■ **Work instructions**
A stretch of the entries below is to be set down exactly, running from the line with "San Antonio Spurs" through the line with "Mother Insider Crop", both included, and no other line.

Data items

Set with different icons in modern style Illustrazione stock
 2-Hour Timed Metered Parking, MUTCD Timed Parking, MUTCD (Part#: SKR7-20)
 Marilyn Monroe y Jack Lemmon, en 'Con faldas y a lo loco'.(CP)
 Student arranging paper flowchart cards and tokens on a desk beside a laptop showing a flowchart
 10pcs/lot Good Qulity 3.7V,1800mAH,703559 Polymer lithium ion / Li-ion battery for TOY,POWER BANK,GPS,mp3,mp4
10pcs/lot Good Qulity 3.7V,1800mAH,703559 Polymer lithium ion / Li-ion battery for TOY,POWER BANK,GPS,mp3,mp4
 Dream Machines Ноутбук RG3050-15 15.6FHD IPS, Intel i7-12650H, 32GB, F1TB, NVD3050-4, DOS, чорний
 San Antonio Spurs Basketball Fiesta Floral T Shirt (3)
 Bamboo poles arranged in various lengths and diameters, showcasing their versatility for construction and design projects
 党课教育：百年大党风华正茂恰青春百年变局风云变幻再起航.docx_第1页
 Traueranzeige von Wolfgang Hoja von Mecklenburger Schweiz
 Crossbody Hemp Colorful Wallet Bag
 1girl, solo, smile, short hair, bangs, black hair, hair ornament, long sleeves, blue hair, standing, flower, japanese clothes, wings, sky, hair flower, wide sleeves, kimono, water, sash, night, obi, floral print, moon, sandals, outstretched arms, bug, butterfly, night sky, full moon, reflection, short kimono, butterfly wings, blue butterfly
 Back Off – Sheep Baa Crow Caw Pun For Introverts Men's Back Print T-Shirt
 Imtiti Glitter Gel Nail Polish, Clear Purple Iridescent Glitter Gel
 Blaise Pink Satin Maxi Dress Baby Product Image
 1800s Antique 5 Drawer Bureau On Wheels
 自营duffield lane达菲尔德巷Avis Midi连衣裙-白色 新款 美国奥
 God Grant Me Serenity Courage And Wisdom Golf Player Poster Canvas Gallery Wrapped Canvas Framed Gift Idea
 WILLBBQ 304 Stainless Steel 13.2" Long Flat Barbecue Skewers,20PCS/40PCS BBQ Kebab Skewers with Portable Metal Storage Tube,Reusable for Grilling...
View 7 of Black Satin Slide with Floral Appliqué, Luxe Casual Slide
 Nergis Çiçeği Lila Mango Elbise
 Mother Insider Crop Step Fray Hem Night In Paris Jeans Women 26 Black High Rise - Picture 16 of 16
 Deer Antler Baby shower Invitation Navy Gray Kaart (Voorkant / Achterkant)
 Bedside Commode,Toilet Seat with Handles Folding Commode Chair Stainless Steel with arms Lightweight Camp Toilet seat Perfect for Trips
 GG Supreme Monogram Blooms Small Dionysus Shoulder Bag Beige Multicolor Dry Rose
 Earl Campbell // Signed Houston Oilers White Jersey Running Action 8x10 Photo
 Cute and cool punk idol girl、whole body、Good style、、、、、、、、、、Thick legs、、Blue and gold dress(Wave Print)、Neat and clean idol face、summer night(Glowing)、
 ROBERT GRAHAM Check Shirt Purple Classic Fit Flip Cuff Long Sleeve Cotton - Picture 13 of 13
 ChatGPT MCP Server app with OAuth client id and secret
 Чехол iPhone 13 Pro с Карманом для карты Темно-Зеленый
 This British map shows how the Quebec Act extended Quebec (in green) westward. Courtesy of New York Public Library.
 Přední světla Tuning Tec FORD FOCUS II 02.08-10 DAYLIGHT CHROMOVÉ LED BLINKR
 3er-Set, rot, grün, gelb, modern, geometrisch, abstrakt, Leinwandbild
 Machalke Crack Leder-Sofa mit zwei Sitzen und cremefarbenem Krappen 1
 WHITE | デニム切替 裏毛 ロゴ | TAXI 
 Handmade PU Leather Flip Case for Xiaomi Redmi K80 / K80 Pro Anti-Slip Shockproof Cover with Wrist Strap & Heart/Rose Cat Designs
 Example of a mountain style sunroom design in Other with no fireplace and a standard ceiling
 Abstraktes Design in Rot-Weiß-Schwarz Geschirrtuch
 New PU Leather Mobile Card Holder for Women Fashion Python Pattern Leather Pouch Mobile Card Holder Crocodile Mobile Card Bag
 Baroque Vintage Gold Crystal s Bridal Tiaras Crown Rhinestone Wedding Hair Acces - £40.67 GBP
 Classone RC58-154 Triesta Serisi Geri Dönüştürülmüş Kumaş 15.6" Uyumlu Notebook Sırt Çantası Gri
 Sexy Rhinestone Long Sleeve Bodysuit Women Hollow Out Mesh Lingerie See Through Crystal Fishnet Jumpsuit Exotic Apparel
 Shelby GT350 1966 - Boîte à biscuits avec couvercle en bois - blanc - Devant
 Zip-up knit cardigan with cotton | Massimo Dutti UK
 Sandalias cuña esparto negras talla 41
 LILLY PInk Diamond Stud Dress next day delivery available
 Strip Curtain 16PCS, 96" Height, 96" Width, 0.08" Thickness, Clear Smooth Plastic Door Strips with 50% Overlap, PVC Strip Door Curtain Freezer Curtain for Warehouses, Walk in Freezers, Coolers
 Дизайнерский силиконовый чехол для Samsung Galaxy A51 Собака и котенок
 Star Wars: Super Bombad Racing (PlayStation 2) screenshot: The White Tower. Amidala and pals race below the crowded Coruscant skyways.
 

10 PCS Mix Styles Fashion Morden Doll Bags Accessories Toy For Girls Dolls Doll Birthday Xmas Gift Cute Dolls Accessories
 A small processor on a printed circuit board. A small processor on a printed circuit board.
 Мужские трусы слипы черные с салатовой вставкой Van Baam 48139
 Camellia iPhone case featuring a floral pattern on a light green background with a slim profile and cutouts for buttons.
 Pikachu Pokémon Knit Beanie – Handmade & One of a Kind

■ **Reply to the task**
 San Antonio Spurs Basketball Fiesta Floral T Shirt (3)
 Bamboo poles arranged in various lengths and diameters, showcasing their versatility for construction and design projects
 党课教育：百年大党风华正茂恰青春百年变局风云变幻再起航.docx_第1页
 Traueranzeige von Wolfgang Hoja von Mecklenburger Schweiz
 Crossbody Hemp Colorful Wallet Bag
 1girl, solo, smile, short hair, bangs, black hair, hair ornament, long sleeves, blue hair, standing, flower, japanese clothes, wings, sky, hair flower, wide sleeves, kimono, water, sash, night, obi, floral print, moon, sandals, outstretched arms, bug, butterfly, night sky, full moon, reflection, short kimono, butterfly wings, blue butterfly
 Back Off – Sheep Baa Crow Caw Pun For Introverts Men's Back Print T-Shirt
 Imtiti Glitter Gel Nail Polish, Clear Purple Iridescent Glitter Gel
 Blaise Pink Satin Maxi Dress Baby Product Image
 1800s Antique 5 Drawer Bureau On Wheels
 自营duffield lane达菲尔德巷Avis Midi连衣裙-白色 新款 美国奥
 God Grant Me Serenity Courage And Wisdom Golf Player Poster Canvas Gallery Wrapped Canvas Framed Gift Idea
 WILLBBQ 304 Stainless Steel 13.2" Long Flat Barbecue Skewers,20PCS/40PCS BBQ Kebab Skewers with Portable Metal Storage Tube,Reusable for Grilling...
View 7 of Black Satin Slide with Floral Appliqué, Luxe Casual Slide
 Nergis Çiçeği Lila Mango Elbise
 Mother Insider Crop Step Fray Hem Night In Paris Jeans Women 26 Black High Rise - Picture 16 of 16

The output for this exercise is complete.